By now, the term virtual reality has found its way into our everyday language and in itself does not raise serious doubts about what we are talking about when we talk about virtual reality. To experience virtual reality, we currently have to put on some kind of head-mounted display to be confronted with an “immersive, interactive, and computer-generated space” (Chalmers 2022, page 189 ). On closer inspection, however, most people would struggle to find an answer to the question of whether what we experience in virtual reality is really real, or just "real," or not real at all.
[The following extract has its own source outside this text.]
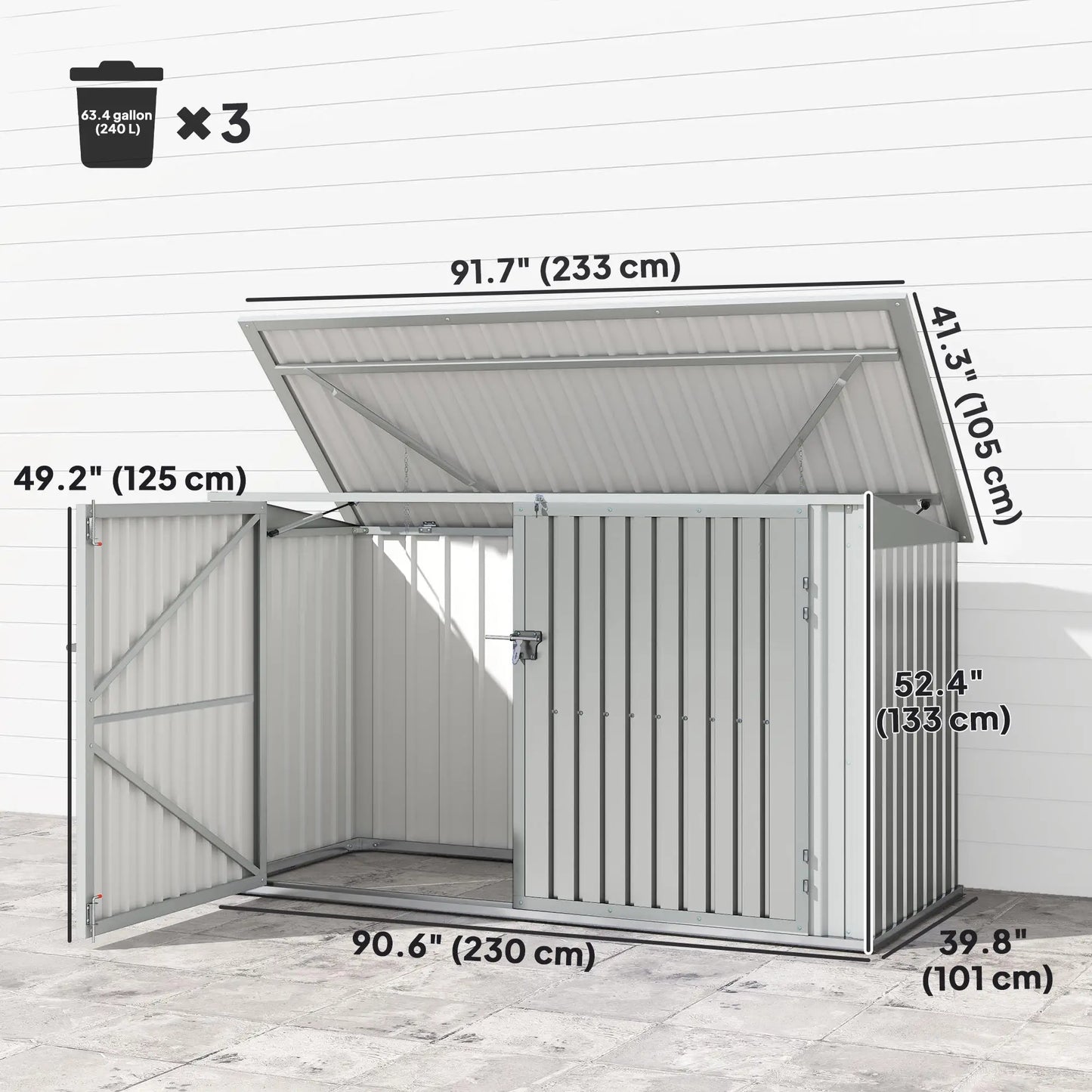 7.6 x 3.4ft Storage Shed, 3 Bin Organizer, Lockable Doors, Silver Grey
In his book Reality+, David Chalmers sets out to free us from our confusion by arguing for his main thesis and belief: Virtual reality is genuine reality. This central thesis is brought about by a rather unintuitive coupling of two main arguments. On the one hand, a large part of Chalmers' argument, which spans several hundred pages, is the simulation hypothesis. That is, the hypothesis that we have been living in a computer simulation all along, and that everything we perceive and experience is based on an artificially designed simulation (Chalmers 2022, page 29 ). On the other hand, this does not mean that we have to be global skeptics about the external world. We can still be sure that there are objects in the world around us. And technology helps us to prove this point, and to shed new light on the traditional Cartesian question of whether we can know or doubt anything other than ourselves and our consciousness. In short, it is very likely that we are sims in a simulation (so says the simulation argument). Nevertheless, the (unknown to us simulated) objects around us are still real, and we can know about them.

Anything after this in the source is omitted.